What you have to do:
Print out the entries from the line containing "Grapefruit (Vorne)" through the last line, exactly, and print nothing else. Pictures are not copied.

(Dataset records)
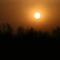Sunrise Lake San Rayburn (Needmore)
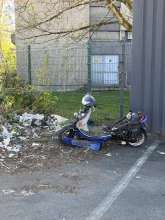 Bild zu gemeldetem Anliegen vom *2025-04-07 15:27:53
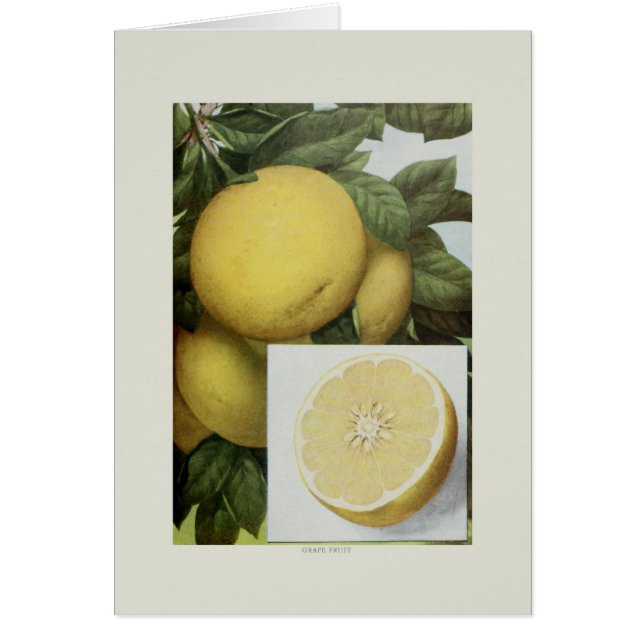Grapefruit (Vorne)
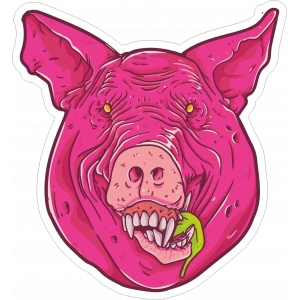 Domuz Sticker 10x10 cmRenkli Sticker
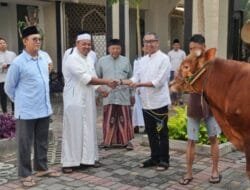 PGN Group Bagikan 955 Hewan untuk Masyarakat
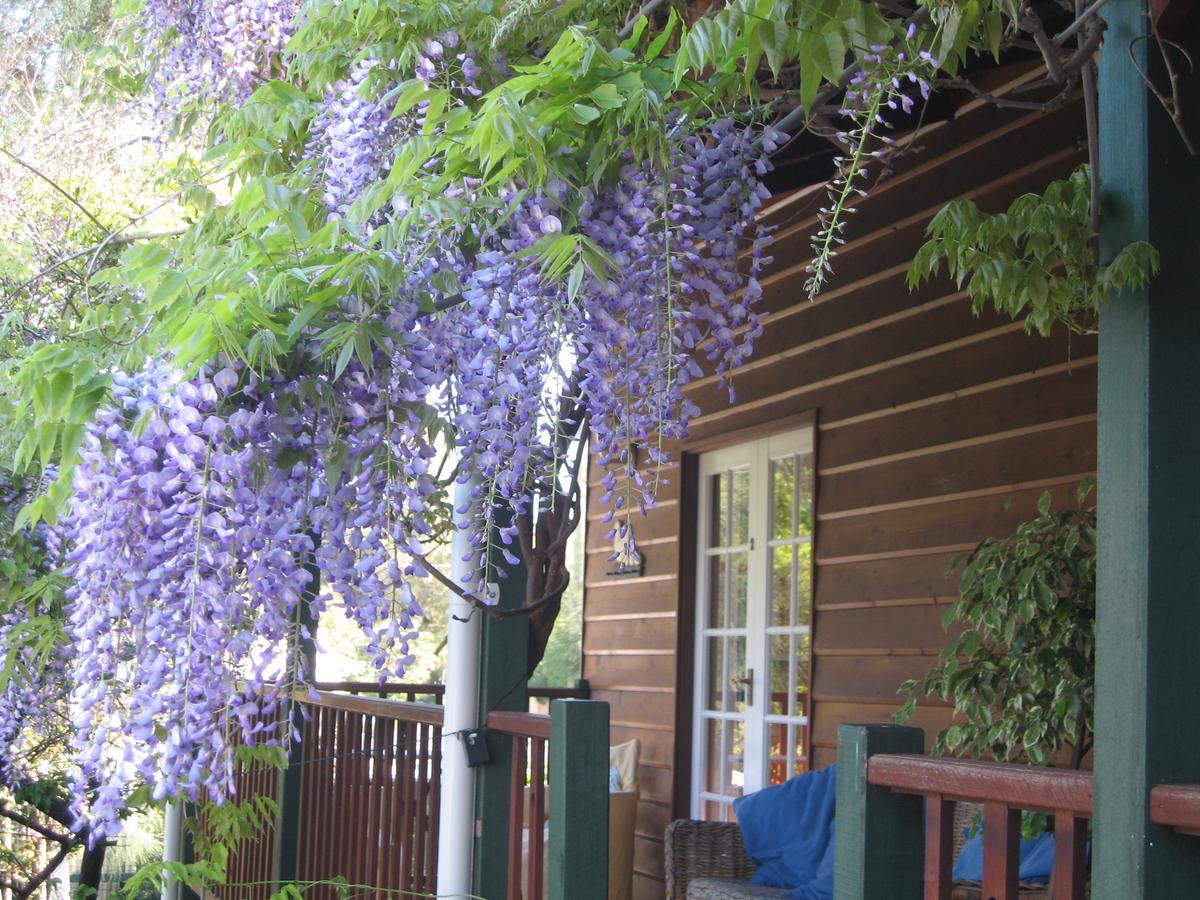 Rosemoore Bed & Breakfast 2*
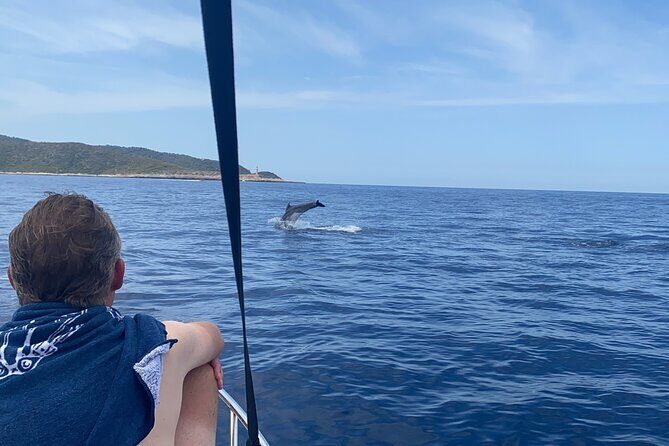 Private boat trip - Hvar Brac and Pakleni islands from Split - Experience the Best of Croatia’s Islands with a Private Boat Trip from Split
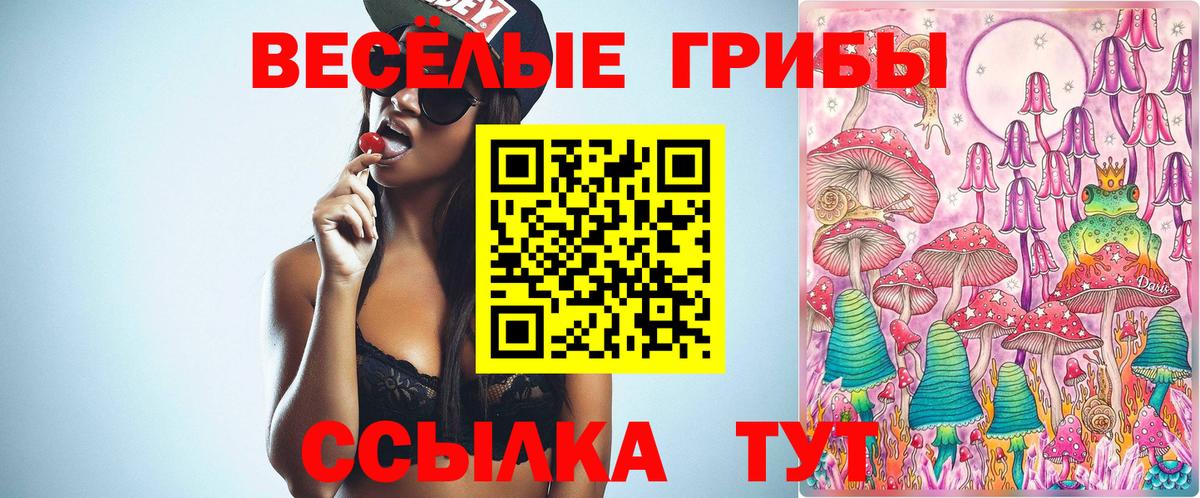 Галлюциногенные грибы ЛСД  Вход с VPN  Истра  Псилоцибиновые грибы мухоморы 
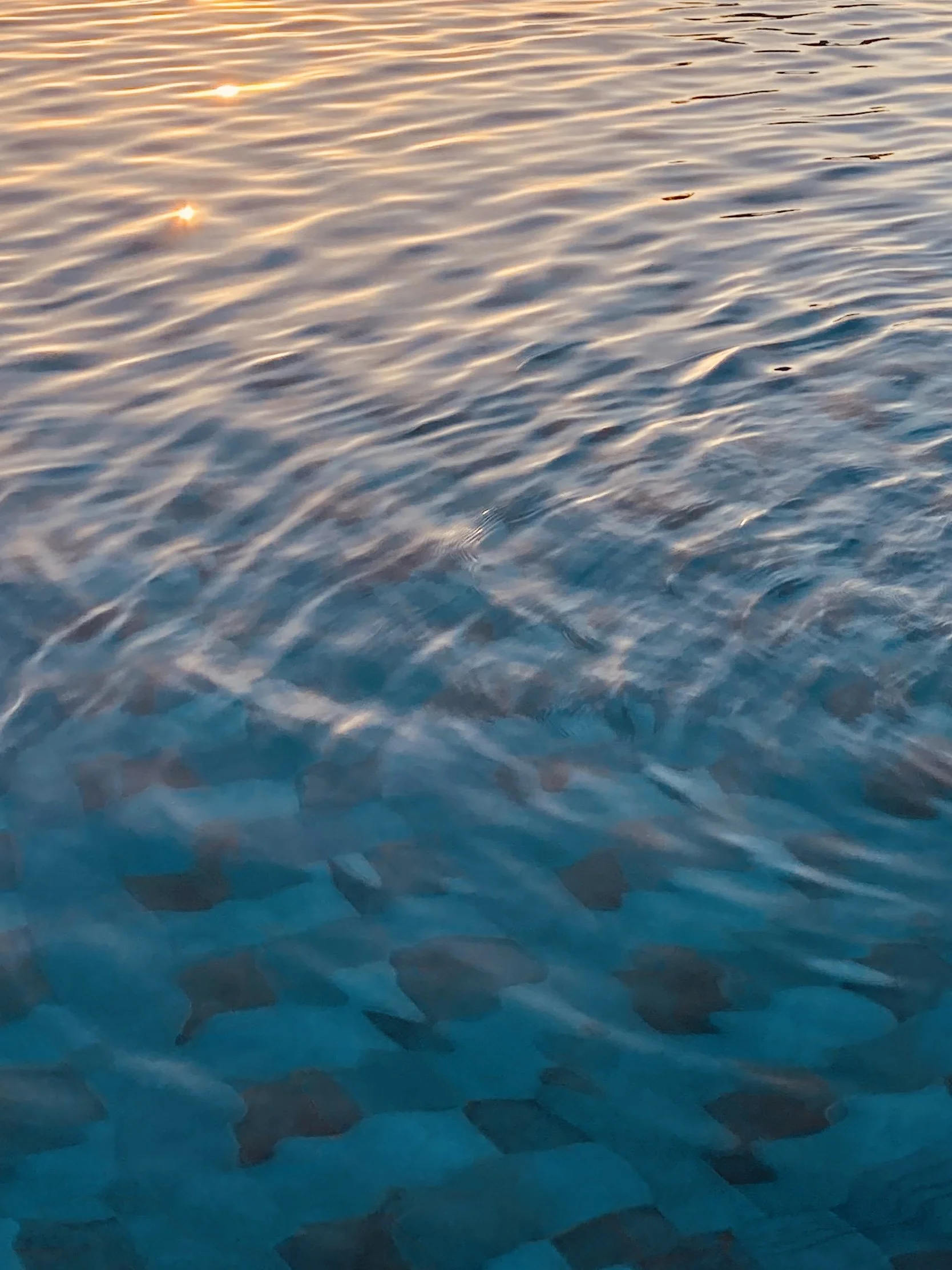 At Home on the Water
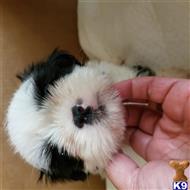 shih tzu puppy posted by mymaltes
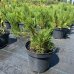 Borovica horská (Pinus mugo) ´PUMILIO´ – výška 20+ cm, kont. C2L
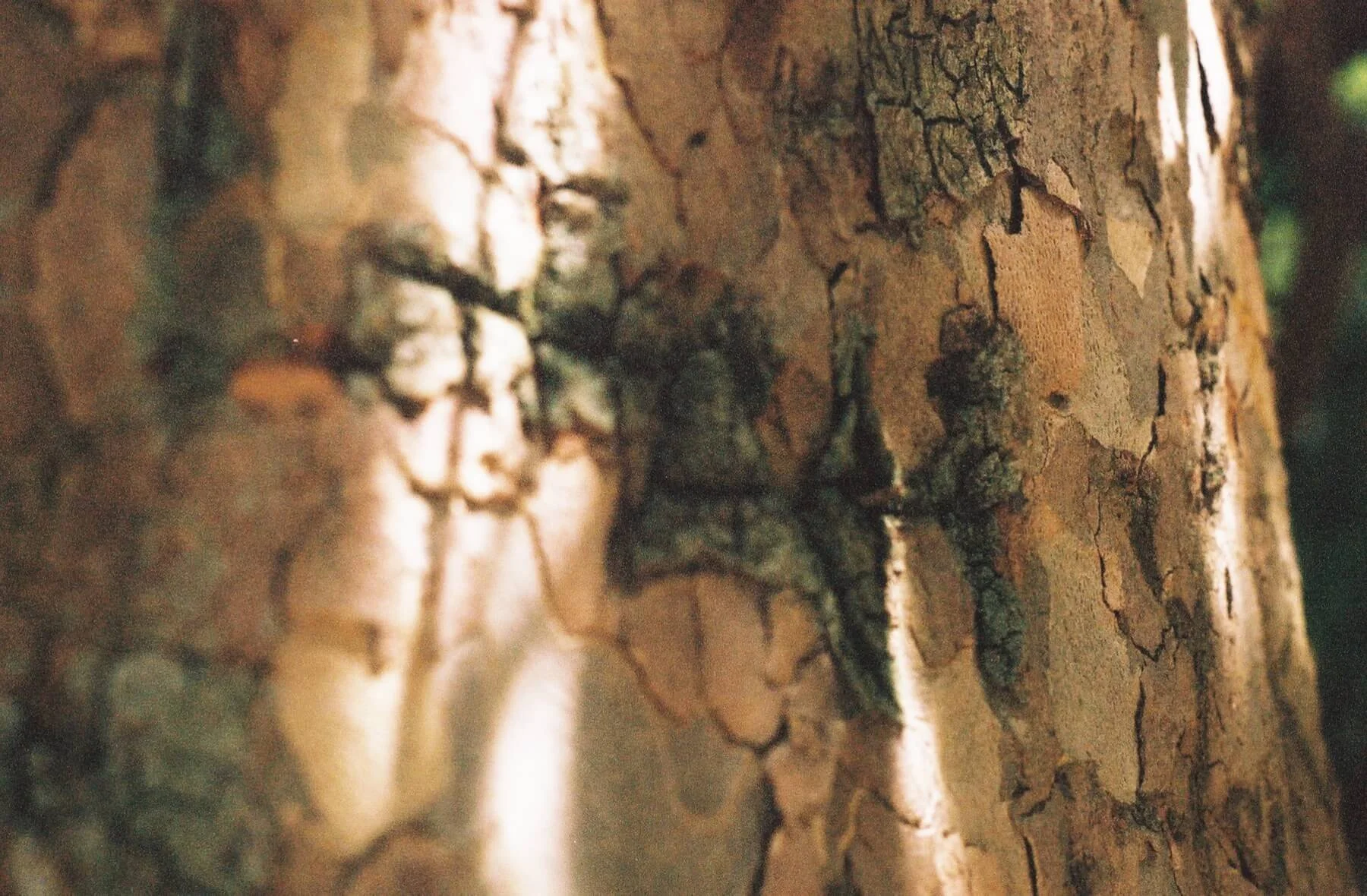 Close-up of tree bark with natural textures and cracks visible.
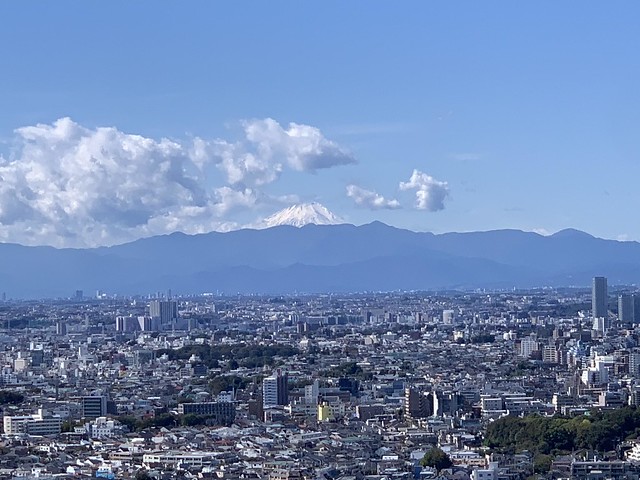 シティビューでも、雪化粧した富士山が今朝...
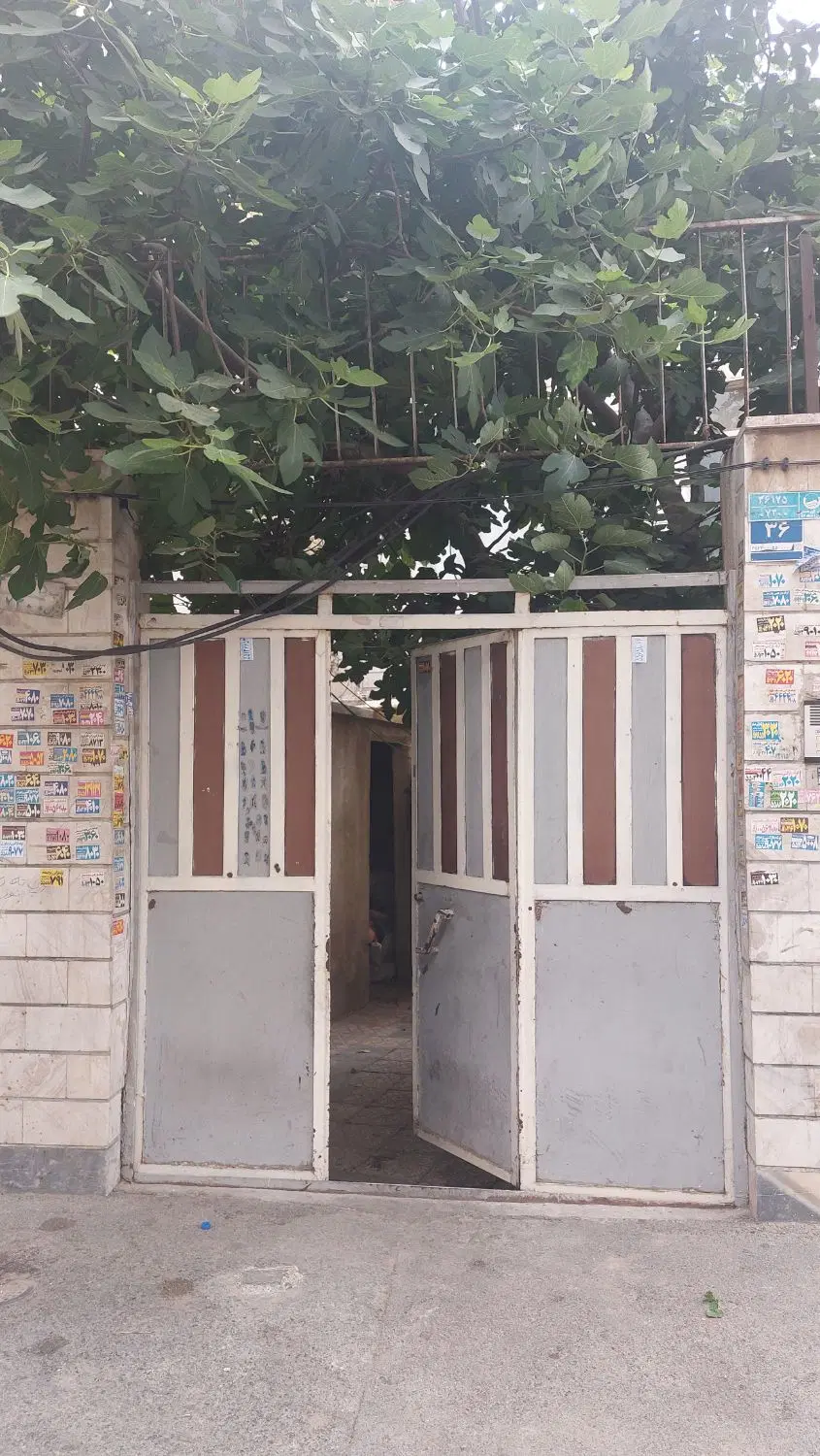 ملک کلنگی در زمزم
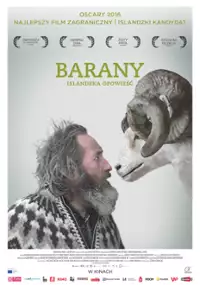 Plakat filmu Barany. Islandzka opowieść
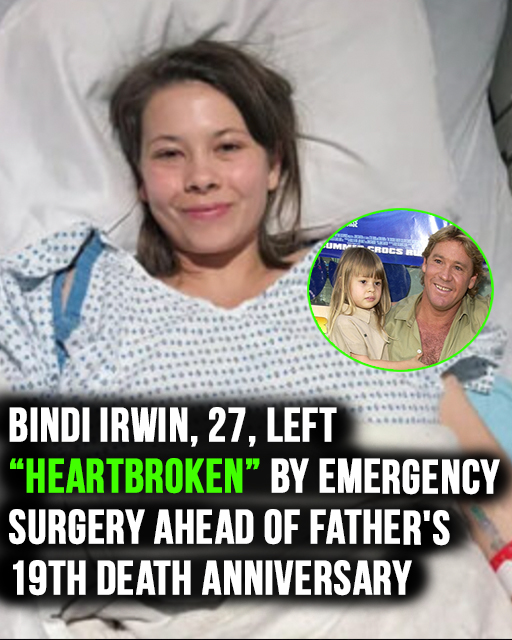 Read more about the article Bindi Irwin Heartbroken by Emergency Surgery Just Before Father’s 19th Death Anniversary
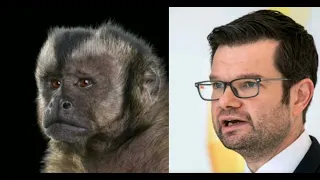 Capuchin Affe, marco buschmann, FDP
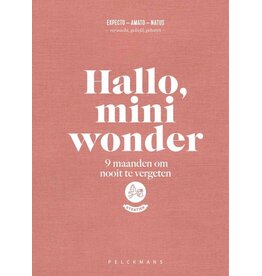 Stratier Invulboek - 'Hallo, mini wonder' - 9 maanden om nooit te vergeten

Reply to the task:
Grapefruit (Vorne)
 Domuz Sticker 10x10 cmRenkli Sticker
 PGN Group Bagikan 955 Hewan untuk Masyarakat
 Rosemoore Bed & Breakfast 2*
 Private boat trip - Hvar Brac and Pakleni islands from Split - Experience the Best of Croatia’s Islands with a Private Boat Trip from Split
 Галлюциногенные грибы ЛСД  Вход с VPN  Истра  Псилоцибиновые грибы мухоморы 
 At Home on the Water
 shih tzu puppy posted by mymaltes
 Borovica horská (Pinus mugo) ´PUMILIO´ – výška 20+ cm, kont. C2L
 Close-up of tree bark with natural textures and cracks visible.
 シティビューでも、雪化粧した富士山が今朝...
 ملک کلنگی در زمزم
 Plakat filmu Barany. Islandzka opowieść
 Read more about the article Bindi Irwin Heartbroken by Emergency Surgery Just Before Father’s 19th Death Anniversary
 Capuchin Affe, marco buschmann, FDP
 Stratier Invulboek - 'Hallo, mini wonder' - 9 maanden om nooit te vergeten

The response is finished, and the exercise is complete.